• **Assigned task**
Pictures appear among the records below and must be omitted. Repeat exactly the lines from the line with "3-к квартира, вторичка, 58м2, 2/5 этаж" to the line with "Samenwerking Jumbo-Visma en Limburg Cycling", both included.
──────── Provided data ────────
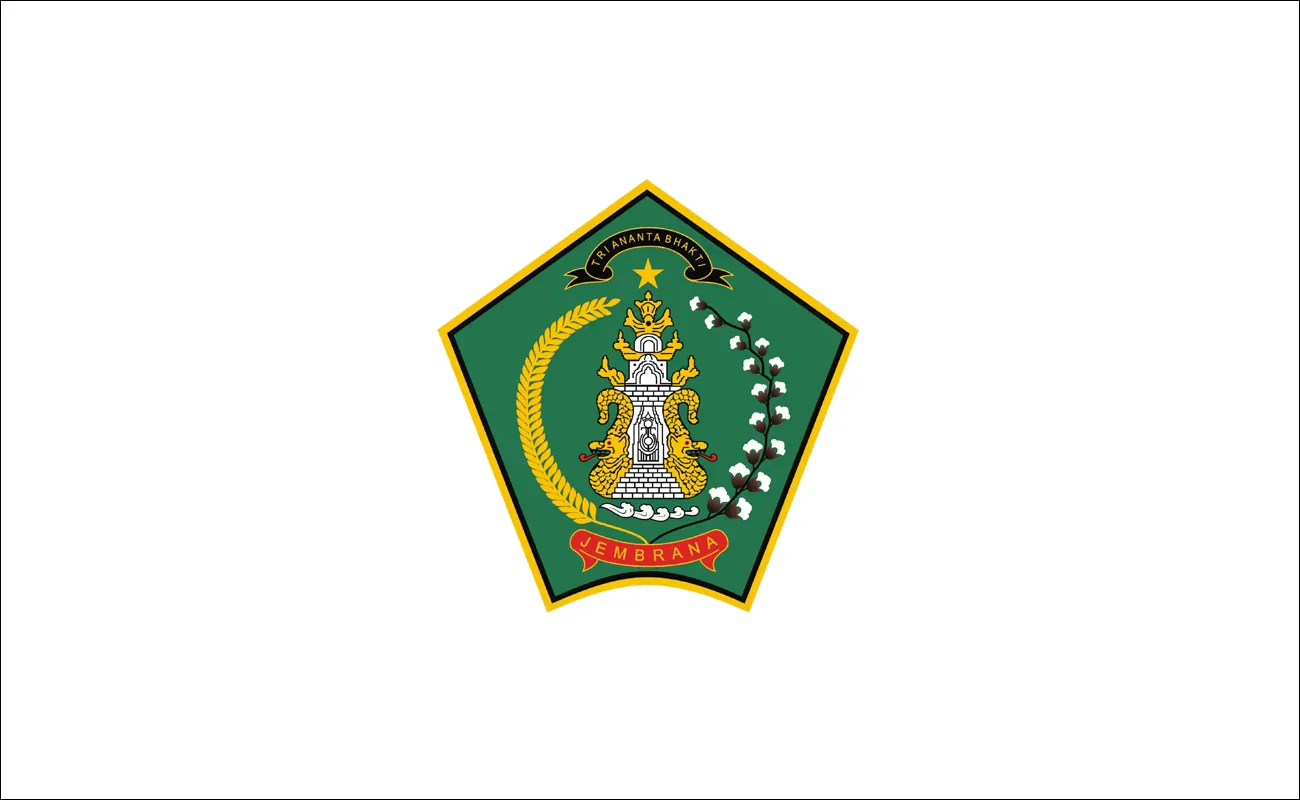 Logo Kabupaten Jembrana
────────
──────── Provided data ────────
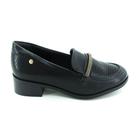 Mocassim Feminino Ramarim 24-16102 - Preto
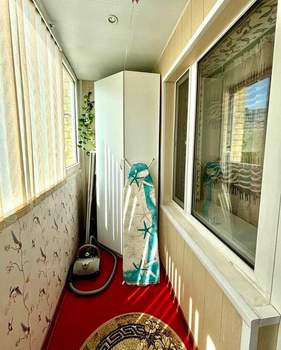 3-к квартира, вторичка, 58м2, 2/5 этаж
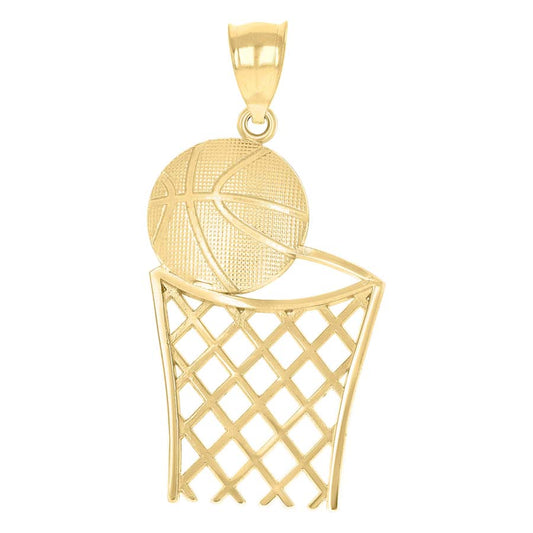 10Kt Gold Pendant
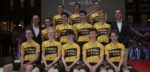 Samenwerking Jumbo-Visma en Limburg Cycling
────────
• **Exercise answer**
 3-к квартира, вторичка, 58м2, 2/5 этаж
 10Kt Gold Pendant
 Samenwerking Jumbo-Visma en Limburg Cycling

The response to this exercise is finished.